What is needed> Below are some records. Return exactly the lines from the one with "135 Nautilus Drive" to the one with "Download Lagu Paula Koivuniemi - Live 2016", and nothing else.

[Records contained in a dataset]
········

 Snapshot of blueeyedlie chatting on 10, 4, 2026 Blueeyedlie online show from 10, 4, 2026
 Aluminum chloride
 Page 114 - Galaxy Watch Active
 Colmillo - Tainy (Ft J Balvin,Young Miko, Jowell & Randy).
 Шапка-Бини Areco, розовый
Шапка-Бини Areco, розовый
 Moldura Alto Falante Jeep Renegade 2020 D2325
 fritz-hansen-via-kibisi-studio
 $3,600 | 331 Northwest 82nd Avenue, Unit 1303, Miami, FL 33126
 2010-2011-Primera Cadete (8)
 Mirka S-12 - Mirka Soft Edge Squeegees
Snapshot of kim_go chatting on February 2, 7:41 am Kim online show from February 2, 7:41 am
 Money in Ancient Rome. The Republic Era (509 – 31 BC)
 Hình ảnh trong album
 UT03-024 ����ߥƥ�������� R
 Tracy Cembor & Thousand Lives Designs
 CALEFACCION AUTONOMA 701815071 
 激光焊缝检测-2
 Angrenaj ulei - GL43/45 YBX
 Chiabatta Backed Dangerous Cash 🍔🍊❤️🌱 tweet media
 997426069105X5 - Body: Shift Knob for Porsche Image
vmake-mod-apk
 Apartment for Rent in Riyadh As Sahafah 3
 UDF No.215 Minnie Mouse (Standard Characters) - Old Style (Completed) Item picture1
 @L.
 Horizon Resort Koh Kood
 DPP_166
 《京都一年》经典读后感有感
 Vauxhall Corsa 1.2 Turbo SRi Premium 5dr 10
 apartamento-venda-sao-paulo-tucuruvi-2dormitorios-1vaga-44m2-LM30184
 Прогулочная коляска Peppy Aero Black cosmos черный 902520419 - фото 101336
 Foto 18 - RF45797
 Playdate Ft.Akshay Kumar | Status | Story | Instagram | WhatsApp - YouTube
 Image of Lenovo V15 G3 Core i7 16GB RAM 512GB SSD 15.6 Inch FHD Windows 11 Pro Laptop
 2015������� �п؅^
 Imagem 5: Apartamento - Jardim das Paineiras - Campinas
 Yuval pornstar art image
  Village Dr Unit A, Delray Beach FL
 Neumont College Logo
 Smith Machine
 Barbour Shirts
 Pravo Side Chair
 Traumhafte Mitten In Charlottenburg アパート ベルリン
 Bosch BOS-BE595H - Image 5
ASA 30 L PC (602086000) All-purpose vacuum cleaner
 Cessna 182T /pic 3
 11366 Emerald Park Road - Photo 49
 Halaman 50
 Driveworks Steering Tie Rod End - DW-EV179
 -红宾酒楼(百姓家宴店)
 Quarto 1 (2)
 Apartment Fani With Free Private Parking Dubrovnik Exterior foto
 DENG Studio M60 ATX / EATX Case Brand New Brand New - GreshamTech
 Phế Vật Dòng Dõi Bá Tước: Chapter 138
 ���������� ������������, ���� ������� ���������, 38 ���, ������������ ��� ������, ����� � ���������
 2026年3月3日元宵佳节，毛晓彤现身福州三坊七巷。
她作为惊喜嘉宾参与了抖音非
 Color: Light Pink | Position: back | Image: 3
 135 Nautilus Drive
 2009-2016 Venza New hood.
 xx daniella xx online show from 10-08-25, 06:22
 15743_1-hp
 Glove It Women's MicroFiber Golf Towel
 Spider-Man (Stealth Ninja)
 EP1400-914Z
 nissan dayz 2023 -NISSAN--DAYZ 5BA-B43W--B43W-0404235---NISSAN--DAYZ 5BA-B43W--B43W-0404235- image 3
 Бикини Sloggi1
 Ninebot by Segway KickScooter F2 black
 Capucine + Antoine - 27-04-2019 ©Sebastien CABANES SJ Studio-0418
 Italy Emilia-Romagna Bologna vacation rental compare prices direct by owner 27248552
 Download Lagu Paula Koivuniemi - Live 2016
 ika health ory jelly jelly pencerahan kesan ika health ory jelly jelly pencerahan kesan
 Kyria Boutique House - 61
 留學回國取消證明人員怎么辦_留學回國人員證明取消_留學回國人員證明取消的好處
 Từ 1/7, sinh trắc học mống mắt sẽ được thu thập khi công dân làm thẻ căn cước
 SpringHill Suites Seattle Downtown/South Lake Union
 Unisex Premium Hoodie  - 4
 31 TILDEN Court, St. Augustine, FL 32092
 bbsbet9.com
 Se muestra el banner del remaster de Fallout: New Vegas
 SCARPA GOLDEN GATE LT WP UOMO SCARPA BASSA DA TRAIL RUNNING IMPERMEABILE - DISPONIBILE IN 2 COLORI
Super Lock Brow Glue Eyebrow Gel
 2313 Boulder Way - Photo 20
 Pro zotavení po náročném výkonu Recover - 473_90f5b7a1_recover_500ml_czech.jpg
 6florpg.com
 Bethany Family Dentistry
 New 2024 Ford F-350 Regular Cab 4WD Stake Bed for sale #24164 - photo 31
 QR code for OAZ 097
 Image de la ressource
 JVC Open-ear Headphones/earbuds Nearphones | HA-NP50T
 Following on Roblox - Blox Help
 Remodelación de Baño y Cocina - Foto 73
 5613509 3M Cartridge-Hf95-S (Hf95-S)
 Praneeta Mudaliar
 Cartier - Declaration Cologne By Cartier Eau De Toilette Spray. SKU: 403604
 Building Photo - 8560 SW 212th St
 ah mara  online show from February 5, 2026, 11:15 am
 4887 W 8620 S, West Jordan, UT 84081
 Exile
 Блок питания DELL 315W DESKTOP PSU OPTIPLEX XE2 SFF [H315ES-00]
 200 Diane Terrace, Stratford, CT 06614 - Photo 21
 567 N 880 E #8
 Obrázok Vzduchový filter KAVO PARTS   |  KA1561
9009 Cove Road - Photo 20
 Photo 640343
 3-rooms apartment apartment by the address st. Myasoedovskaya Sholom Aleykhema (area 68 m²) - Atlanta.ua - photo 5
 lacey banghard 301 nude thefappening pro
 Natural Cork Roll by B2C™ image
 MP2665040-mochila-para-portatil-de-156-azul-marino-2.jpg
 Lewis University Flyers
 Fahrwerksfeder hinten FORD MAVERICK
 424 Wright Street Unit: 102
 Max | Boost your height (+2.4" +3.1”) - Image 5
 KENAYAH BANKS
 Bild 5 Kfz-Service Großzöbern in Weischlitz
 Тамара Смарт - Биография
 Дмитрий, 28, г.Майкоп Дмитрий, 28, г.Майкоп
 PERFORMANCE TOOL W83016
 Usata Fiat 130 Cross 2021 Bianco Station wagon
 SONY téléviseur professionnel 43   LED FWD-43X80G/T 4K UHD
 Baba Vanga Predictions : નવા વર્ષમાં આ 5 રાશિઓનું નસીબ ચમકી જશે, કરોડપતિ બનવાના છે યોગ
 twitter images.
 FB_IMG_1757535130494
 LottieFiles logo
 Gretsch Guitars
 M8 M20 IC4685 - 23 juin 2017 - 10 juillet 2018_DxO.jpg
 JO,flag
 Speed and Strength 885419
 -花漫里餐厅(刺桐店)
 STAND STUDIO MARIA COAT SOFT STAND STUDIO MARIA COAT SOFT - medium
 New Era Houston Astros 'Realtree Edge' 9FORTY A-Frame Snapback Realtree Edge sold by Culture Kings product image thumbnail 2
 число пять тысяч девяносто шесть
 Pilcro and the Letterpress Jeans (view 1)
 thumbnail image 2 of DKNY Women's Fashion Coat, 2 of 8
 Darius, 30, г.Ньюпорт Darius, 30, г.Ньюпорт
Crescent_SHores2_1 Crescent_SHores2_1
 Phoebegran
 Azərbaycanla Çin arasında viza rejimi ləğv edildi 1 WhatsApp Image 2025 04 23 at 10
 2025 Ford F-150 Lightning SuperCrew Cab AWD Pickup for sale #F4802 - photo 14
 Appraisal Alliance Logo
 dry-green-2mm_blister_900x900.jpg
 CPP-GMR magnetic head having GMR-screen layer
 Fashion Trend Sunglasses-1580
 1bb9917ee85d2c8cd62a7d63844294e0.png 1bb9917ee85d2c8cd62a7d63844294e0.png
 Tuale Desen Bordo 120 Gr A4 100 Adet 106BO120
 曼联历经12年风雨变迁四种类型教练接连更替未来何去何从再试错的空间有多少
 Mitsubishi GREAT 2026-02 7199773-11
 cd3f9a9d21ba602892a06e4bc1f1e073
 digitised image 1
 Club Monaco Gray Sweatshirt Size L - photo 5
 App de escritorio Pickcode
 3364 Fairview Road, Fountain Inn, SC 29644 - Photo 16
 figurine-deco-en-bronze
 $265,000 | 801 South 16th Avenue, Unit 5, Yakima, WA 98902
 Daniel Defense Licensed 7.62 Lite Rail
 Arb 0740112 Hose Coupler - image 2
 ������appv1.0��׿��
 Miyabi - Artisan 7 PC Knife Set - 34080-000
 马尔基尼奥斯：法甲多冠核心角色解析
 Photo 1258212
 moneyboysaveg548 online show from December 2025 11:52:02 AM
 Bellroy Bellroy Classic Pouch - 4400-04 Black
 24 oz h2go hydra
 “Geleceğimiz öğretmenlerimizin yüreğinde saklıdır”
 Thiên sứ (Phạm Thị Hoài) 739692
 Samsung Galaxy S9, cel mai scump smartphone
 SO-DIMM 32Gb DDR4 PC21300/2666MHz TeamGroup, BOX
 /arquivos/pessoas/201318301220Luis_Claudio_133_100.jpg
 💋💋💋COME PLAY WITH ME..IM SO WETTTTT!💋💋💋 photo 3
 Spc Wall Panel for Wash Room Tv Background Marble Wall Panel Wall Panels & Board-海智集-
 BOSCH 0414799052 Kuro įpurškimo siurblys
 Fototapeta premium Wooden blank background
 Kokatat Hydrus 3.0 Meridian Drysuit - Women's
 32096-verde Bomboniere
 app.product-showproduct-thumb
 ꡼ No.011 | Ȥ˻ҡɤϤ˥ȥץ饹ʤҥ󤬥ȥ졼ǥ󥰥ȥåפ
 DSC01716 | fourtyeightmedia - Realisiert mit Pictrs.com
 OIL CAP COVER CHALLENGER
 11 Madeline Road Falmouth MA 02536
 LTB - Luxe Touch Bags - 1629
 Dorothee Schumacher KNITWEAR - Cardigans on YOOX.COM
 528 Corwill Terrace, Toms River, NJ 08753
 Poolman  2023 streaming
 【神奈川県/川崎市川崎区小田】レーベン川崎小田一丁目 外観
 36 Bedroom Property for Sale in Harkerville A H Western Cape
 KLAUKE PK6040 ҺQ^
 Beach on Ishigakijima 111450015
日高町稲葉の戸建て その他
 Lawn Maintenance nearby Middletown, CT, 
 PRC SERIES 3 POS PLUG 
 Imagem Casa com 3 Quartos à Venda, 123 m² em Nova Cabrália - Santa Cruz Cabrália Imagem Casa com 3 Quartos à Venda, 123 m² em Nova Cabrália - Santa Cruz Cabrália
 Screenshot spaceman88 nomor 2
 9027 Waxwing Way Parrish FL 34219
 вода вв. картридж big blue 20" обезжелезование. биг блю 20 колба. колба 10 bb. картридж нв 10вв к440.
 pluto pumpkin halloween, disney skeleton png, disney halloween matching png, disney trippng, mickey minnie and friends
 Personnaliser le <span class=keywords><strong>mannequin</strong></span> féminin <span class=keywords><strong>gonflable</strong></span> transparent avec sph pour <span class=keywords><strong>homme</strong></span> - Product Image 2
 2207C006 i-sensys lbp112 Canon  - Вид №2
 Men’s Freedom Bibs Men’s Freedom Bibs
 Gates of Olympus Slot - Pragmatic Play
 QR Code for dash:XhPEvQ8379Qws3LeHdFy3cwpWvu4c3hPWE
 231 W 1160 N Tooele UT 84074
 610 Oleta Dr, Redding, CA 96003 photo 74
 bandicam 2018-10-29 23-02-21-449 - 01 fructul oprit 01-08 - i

········

Expected output>
 135 Nautilus Drive
 2009-2016 Venza New hood.
 xx daniella xx online show from 10-08-25, 06:22
 15743_1-hp
 Glove It Women's MicroFiber Golf Towel
 Spider-Man (Stealth Ninja)
 EP1400-914Z
 nissan dayz 2023 -NISSAN--DAYZ 5BA-B43W--B43W-0404235---NISSAN--DAYZ 5BA-B43W--B43W-0404235- image 3
 Бикини Sloggi1
 Ninebot by Segway KickScooter F2 black
 Capucine + Antoine - 27-04-2019 ©Sebastien CABANES SJ Studio-0418
 Italy Emilia-Romagna Bologna vacation rental compare prices direct by owner 27248552
 Download Lagu Paula Koivuniemi - Live 2016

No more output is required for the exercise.